The invention relates to a lithium-sulphur battery cathode material and a preparation method thereof, and in particular relates to a sulphur, nickel oxide and nickel sulphide composite lithium-sulphurbattery cathode material. A preparation process is as follows: a nickel oxide double-layer hollow ball is prepared at first; then, the nickel oxide double-layer hollow ball is partly vulcanized, so that a nickel oxide and nickel sulphide composite is obtained; and then, the material is prepared by sulphur mixing through ball-milling and hot melt methods. The material designed in the invention hasa double-layer hollow ball structure; the relatively high specific capacity is obtained under high current density; the nickel oxide double-layer hollow ball is composed of a nickel oxide nano-sheet;an electron and charge transmission path is shortened; expansion of a material is relieved; furthermore, due to the good mechanical performance, the material has good cycle life; loss of an active substance in a reaction process is reduced in the application process of nickel oxide; a surface oxidation and reduction process is accelerated; and thus, the whole performance of a Li-S battery is improved.

The invention relates to a method for reinforcing copper-nickel sulphide ore flotation separation in industrialized application. According to the method, reinforced mechanical stirring and pulp mixing is carried out on ore pulp before copper-nickel sulphide ore flotation, and the conditions of stirring and pulp mixing process parameters need to meet simultaneously that energy input is in a range from 0.5kW.h / m<3> to 2.5kW.h / m<3>, and the linear speed of the blade end of a stirring impeller is in a range from 7.5m / s to 10.0m / s. The ore pulp after the reinforced stirring and pulp mixing immediately enters the flotation operation, a conventional copper-nickel sulphide ore flotation flow is adopted in the flow of the flotation operation, concentrates are obtained through the flotation and used as final concentrates, and flotation tailings can be re-grinded and re-separated to obtain concentrates, and the tailings are discarded.
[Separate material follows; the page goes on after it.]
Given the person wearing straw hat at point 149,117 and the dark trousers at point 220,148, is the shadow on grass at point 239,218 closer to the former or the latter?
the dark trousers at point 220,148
The invention provides a method for reinforcing copper-nickel sulphide ore flotation separation. According to the method, the negative effects of magnesium silicate ores on the copper-nickel sulphide ore flotation can be weakened and even eliminated, so that copper-nickel sulphide ore resources are efficiently utilized.
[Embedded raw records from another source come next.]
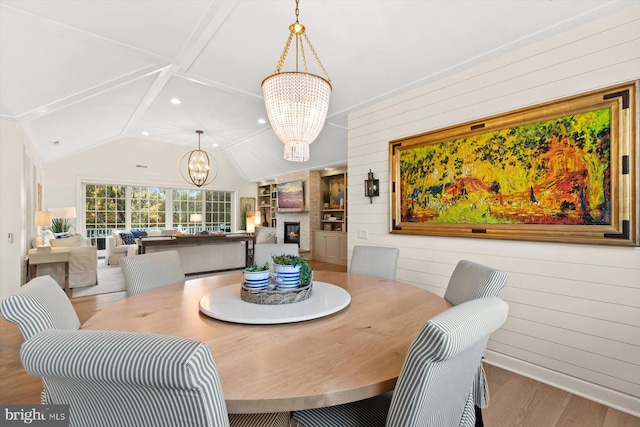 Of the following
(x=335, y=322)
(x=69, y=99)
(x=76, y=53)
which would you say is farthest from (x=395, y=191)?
(x=69, y=99)

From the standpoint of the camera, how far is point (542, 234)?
7.30 feet

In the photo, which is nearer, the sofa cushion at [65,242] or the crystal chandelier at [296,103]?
the crystal chandelier at [296,103]

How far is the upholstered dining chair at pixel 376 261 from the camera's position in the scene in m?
2.46

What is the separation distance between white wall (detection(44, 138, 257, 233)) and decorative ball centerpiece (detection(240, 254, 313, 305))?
322 inches

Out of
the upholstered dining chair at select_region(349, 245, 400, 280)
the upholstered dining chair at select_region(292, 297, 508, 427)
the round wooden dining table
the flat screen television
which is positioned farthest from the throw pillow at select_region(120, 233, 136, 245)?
the upholstered dining chair at select_region(292, 297, 508, 427)

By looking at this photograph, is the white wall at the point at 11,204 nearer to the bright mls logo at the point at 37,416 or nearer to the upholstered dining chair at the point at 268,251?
the upholstered dining chair at the point at 268,251

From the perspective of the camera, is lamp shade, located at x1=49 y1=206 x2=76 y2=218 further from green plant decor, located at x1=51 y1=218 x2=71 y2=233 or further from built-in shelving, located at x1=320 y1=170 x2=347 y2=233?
built-in shelving, located at x1=320 y1=170 x2=347 y2=233

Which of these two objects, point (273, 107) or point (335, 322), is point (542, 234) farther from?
point (273, 107)

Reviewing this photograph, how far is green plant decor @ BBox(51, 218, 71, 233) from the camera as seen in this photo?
6.55 meters

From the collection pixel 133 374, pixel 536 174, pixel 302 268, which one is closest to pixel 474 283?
pixel 302 268

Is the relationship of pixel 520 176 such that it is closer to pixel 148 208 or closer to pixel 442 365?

The present invention relates to a gravity / flotation circuit where a mineral stream, such as a flotation rougher or cleaner concentrate, undergoes a two stage size separation wherein:i) the screen of the first stage provides a coarse stream of particles greater than 110 microns and a fines stream of particles less than 110 microns; andii) the fines stream of less than 110 microns is subjected to the second stage separation whereupon a cyclone provides an ultrafine / slimes stream of p80 less than about 25 microns and a middlings stream of p80 greater than around 25 microns.The middlings stream is subjected to flotation to recover nickel sulphide which is sent to final concentrate, and reject or depress magnesia which undergoes gravity separation to concentrate the MgO. It has been discovered that a large proportion of the MgO minerals in the concentrate are contained in the 30 to 100 micron size fraction and that they are well liberated making physical separation possible. Furthermore, the nickel sulphide minerals and magnesia minerals have a significantly different specific gravity which can be exploited using gravity separation equipment to achieve magnesia rejection.
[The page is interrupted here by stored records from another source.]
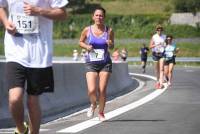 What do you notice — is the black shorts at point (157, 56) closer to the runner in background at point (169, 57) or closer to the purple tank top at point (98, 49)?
the runner in background at point (169, 57)

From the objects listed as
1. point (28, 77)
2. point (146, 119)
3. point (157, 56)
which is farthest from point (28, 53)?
point (157, 56)

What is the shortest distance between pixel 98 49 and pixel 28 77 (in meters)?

The invention relates to the field of electrolysis water catalysts, and provides a dual-function fully-hydrolyzed hydroelectric catalyst. The catalyst comprises a carrier nickel of the net structure,chromium loaded on the carrier nickel and nickel sulfate growing on the carrier nickel. The invention further provides a preparation method of the dual-function fully-hydrolyzed hydroelectric catalyst. The method comprises the steps of mixing a sulfur-containing monomer, chromate and solvents to be uniform to obtain a mixed solution; mixing the mixed solution and foamed nickel to perform a thermalreaction. The fully-hydrolyzed hydroelectric catalyst has the functions of catalysis hydrogen evolution and catalysis oxygen evolution, the reaction overpotential of electrochemical analysis can be lowered, electron transfer of the reaction is promoted, adsorption of water molecules is accelerated, the reaction rate is increased, and the stability is good under the extreme condition. The dual-function fully-hydrolyzed hydroelectric catalyst or a dual-function catalyst prepared through the preparation method of the dual-function fully-hydrolyzed hydroelectric catalyst can be applied to electrolysis of water.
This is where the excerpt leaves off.